Image-text web data

■ ■ ■ ■ ■

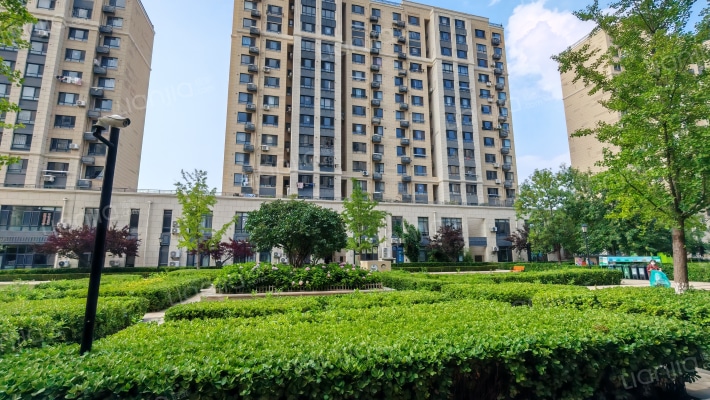 万科金域华府外景图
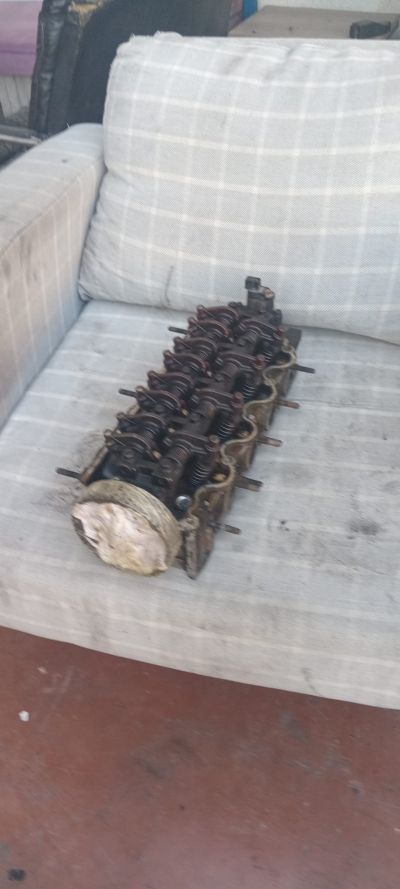 Yumurta kasa silindir kapak 1.5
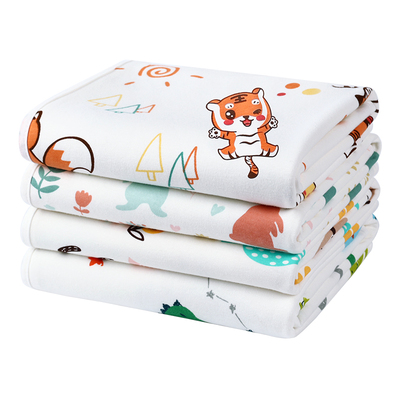 洁丽雅隔尿垫婴儿防水可洗透气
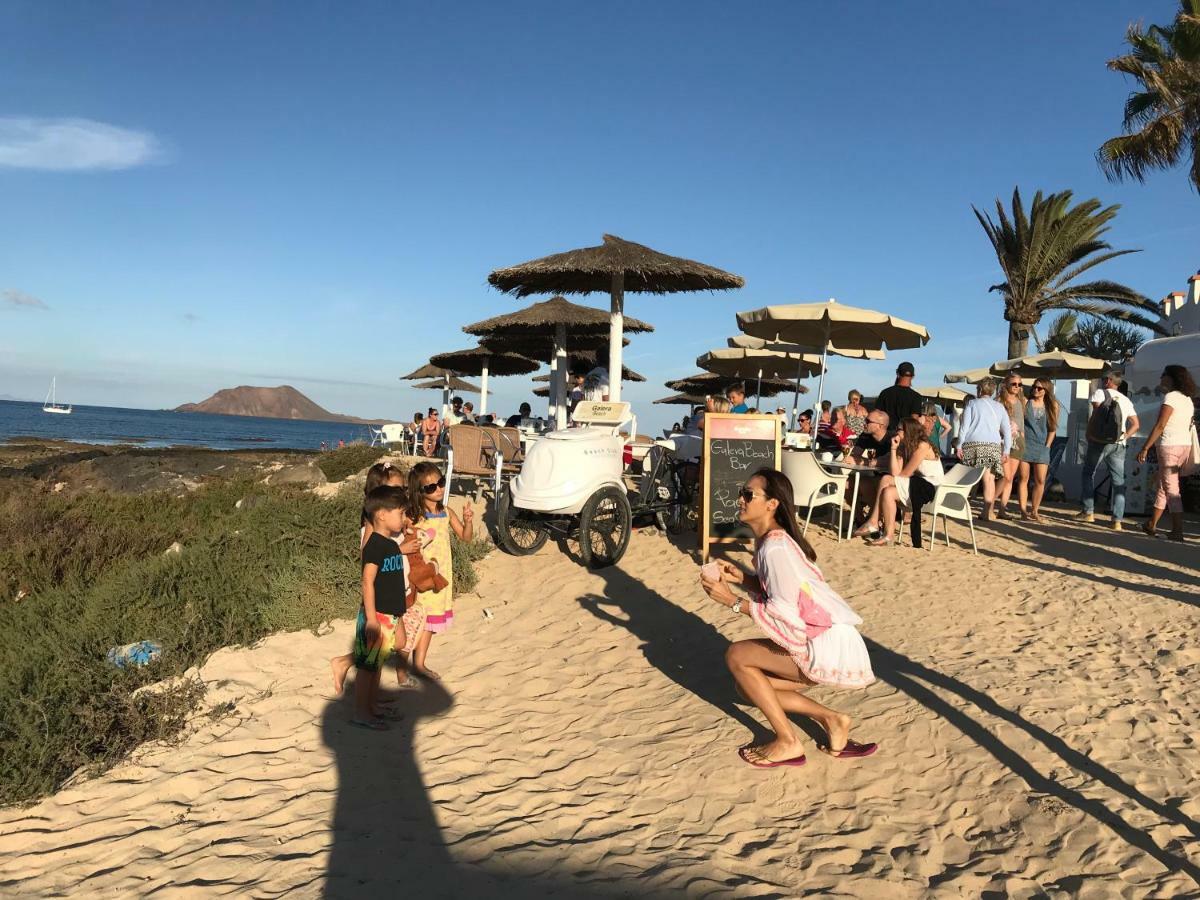 Villa Majorera Corralejo Exteriér fotografie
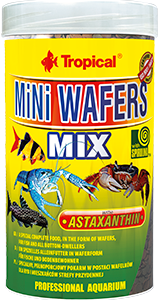 Tropical Mini Wafers Mix 100ml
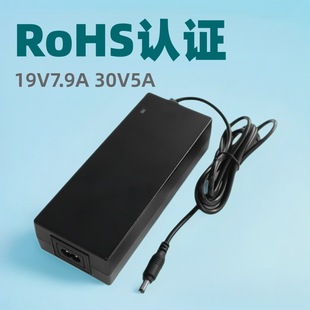 Shishuo 19V7.9A Power Adapter Is Suitable for 19V Laptop Chargers with High Power
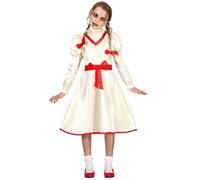 FIESTAS GUIRCA Déguisement Poupée Maudite Fille 5-6 Ans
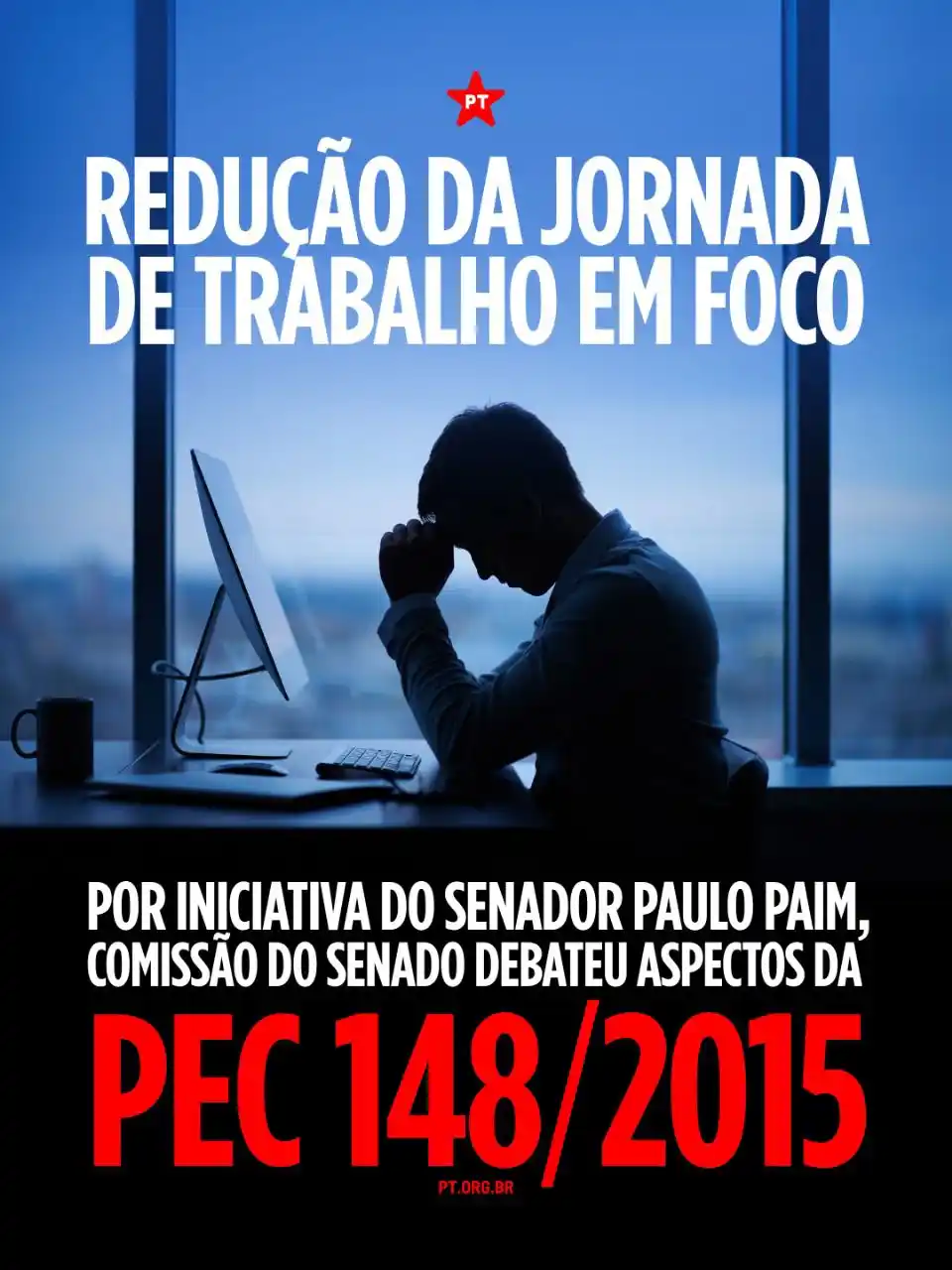 Image from Neusa Cadore | Secretária de Mulheres da Bahia: 💼 Menos horas, mais qualidade de vida! A Comissão de Assuntos Sociai...
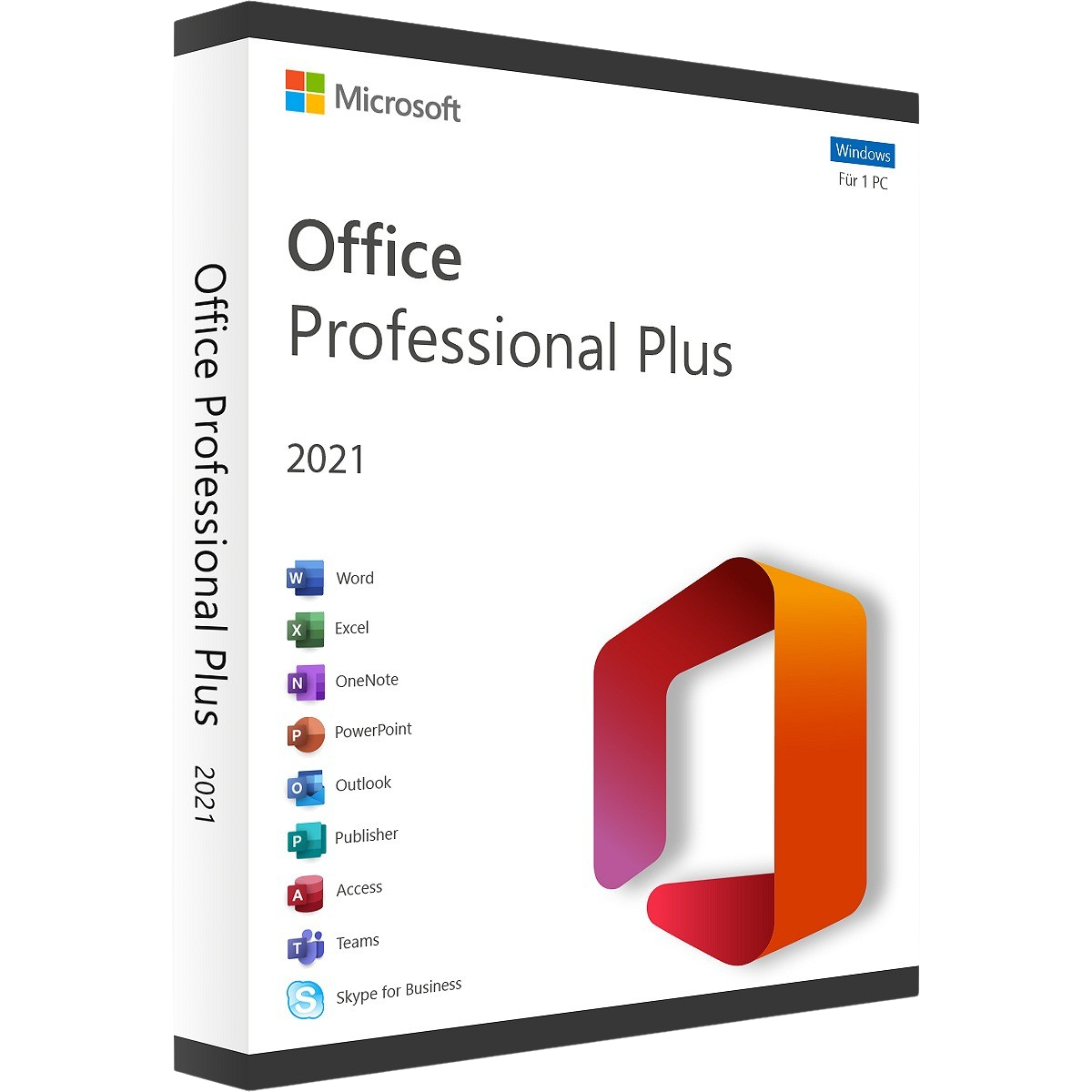Office 2021 Professional Plus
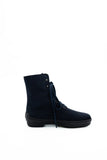 Tod's - Combat Boots - Blauw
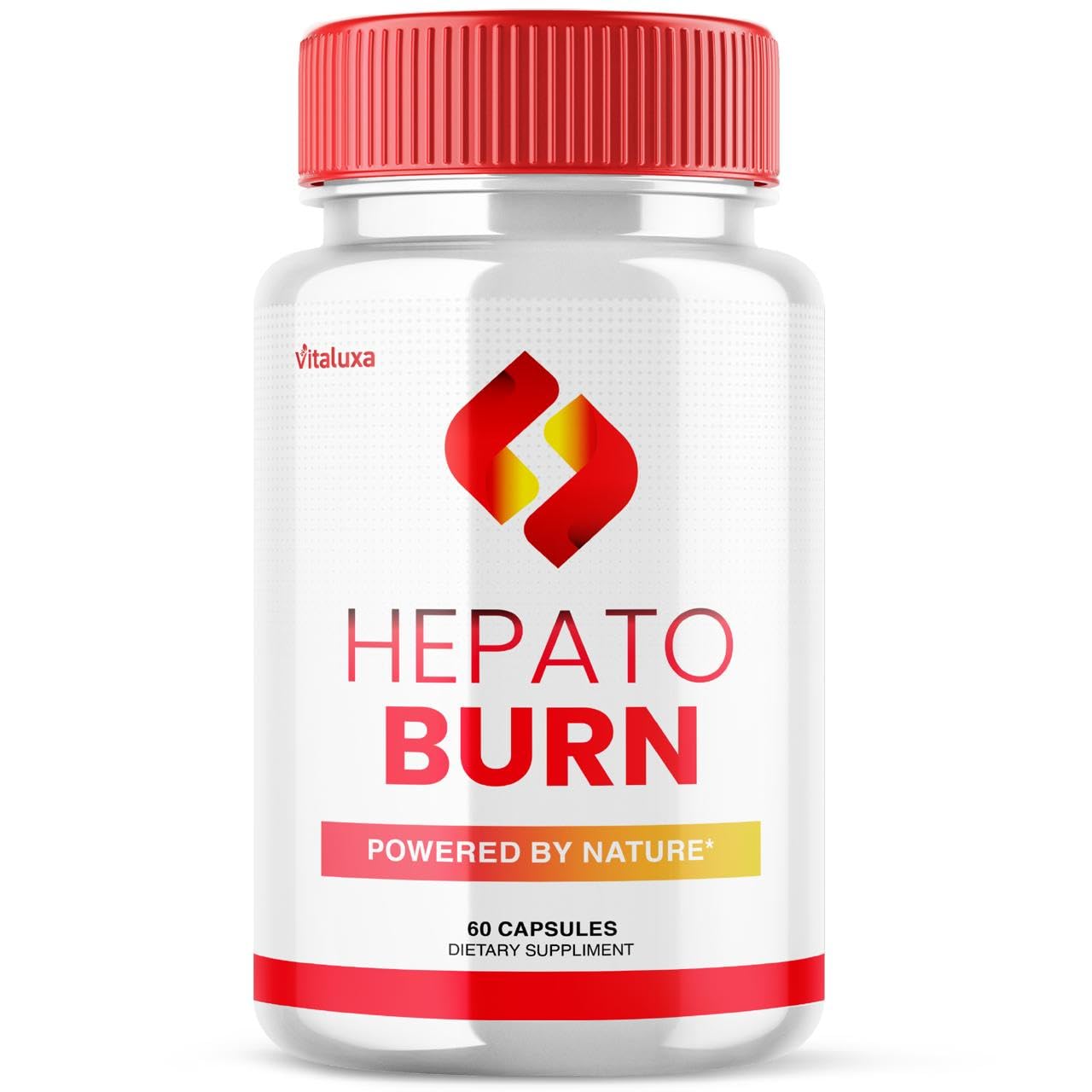 Vitaluxa Hepato Burn Capsules, 60 Capsules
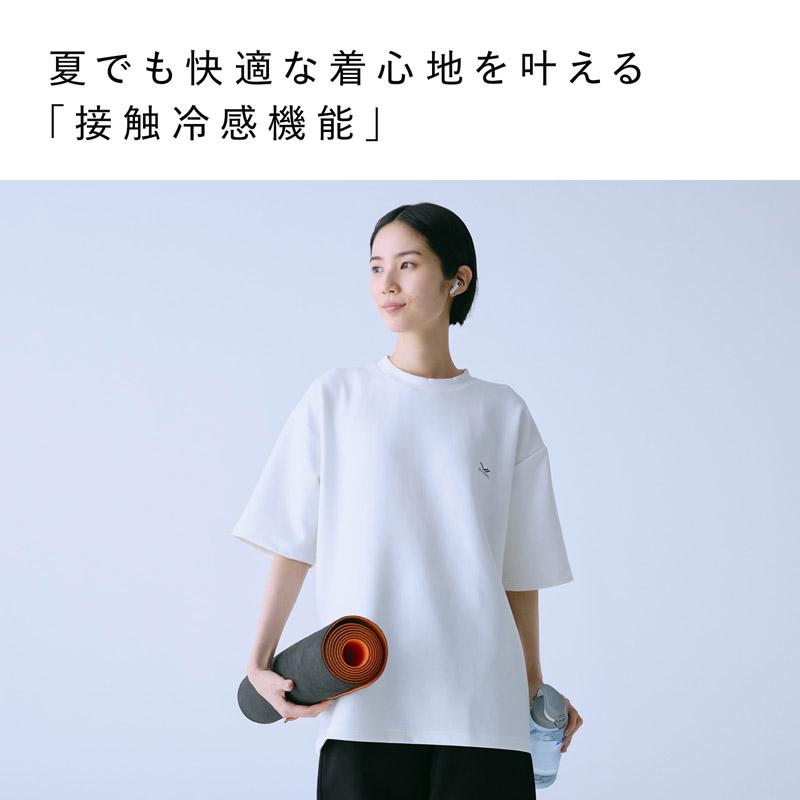 ○SIXPAD オーバーサイズ Tシャツ 単品 ○ リカバリーウェア 着ること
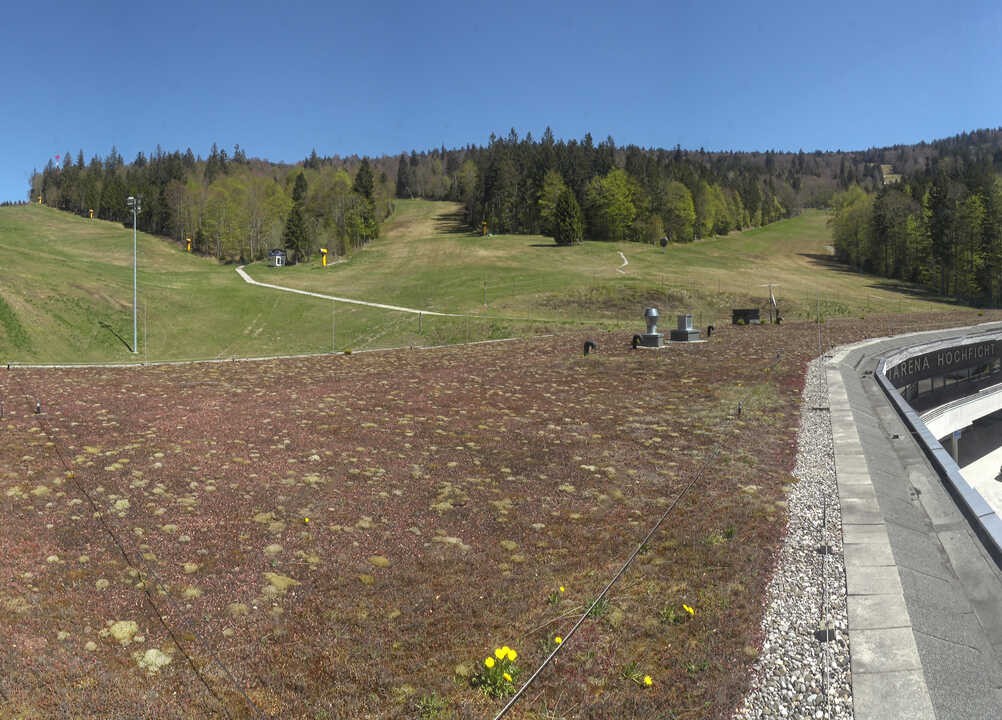 Archiv Foto Webcam Hochficht Reischlberg Talstation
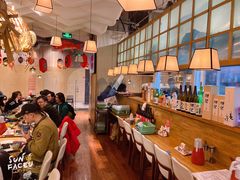-一井烧肉·活鳗·寿司(望京SOHO店)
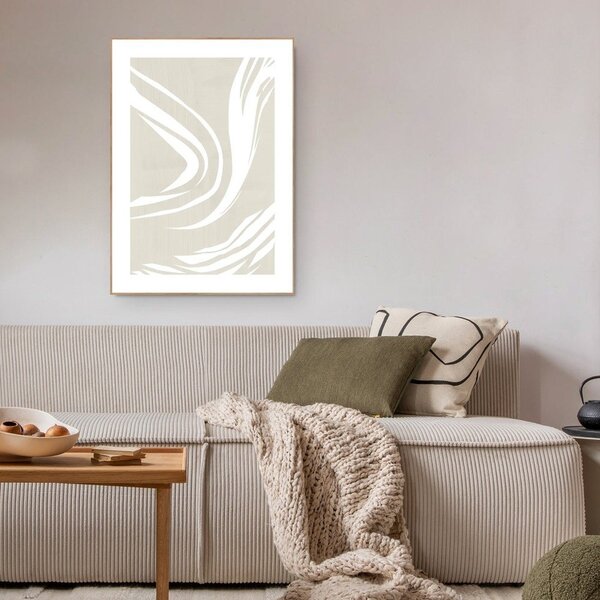 Obraz 70x100 cm Lino Cut – Malerifabrikken
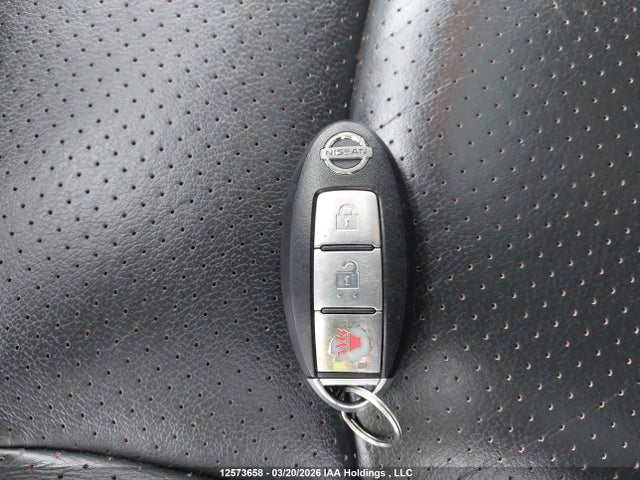 12573658 :رقم المزاد ، JN8AS5MV2AW122637 vin ، 2010 Nissan Rogue Sl مزاد بيع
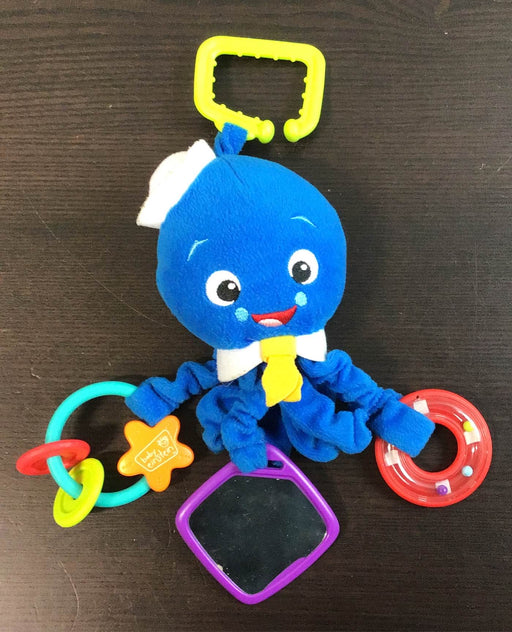 used Baby Einstein Activity Arms Octopus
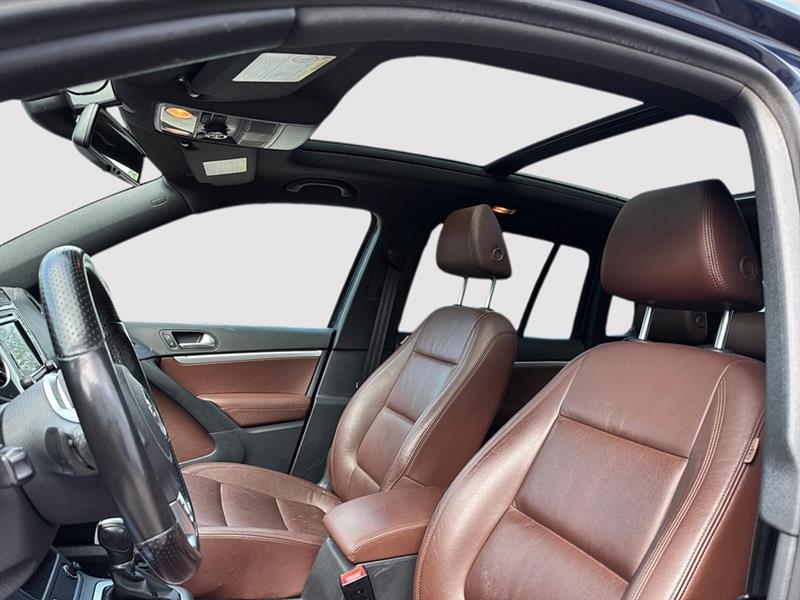 volkswagen Tiguan 2017 - 19
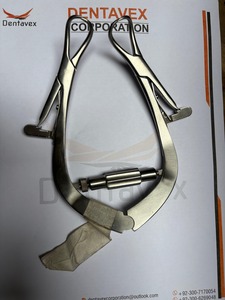 Nouveaux instruments chirurgicaux Jolls Thyroid Friedman Retractor, 14 cm, 17 cm, acier inoxydable, ensemble réutilisable, Dentavex Corporation, ISO13485 - Product Image 2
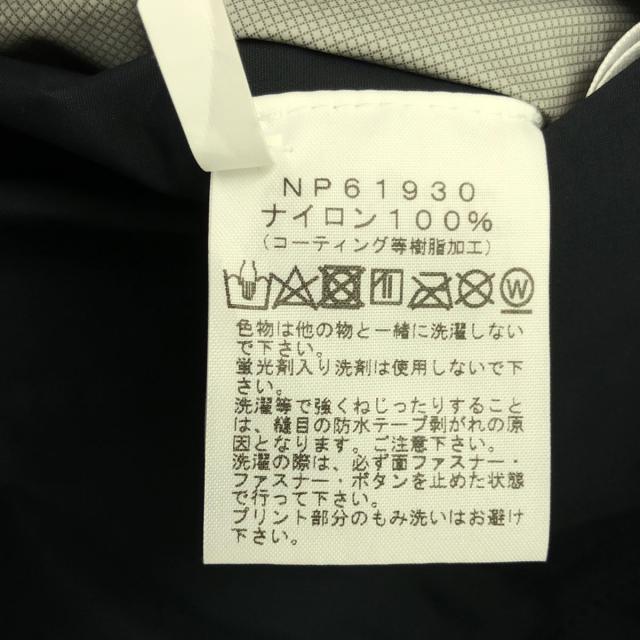 THE NORTH FACE ザノースフェイス ロゴ刺繍 ドットショット ジャケット M ブラック アウトドア NP61930 メンズ_7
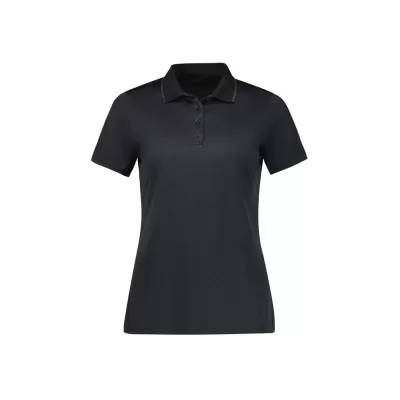 Echo Womens Short Sleeve Polo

■ ■ ■ ■ ■

# Task to carry out
Exact copy, pictures excluded: every line above from the one containing "Shishuo 19V7.9A Power" to the one containing "Vitaluxa Hepato Burn Capsules, 60 Capsules", inclusive, and nothing more.

# Response area
 Shishuo 19V7.9A Power Adapter Is Suitable for 19V Laptop Chargers with High Power
 FIESTAS GUIRCA Déguisement Poupée Maudite Fille 5-6 Ans
 Image from Neusa Cadore | Secretária de Mulheres da Bahia: 💼 Menos horas, mais qualidade de vida! A Comissão de Assuntos Sociai...
Office 2021 Professional Plus
 Tod's - Combat Boots - Blauw
 Vitaluxa Hepato Burn Capsules, 60 Capsules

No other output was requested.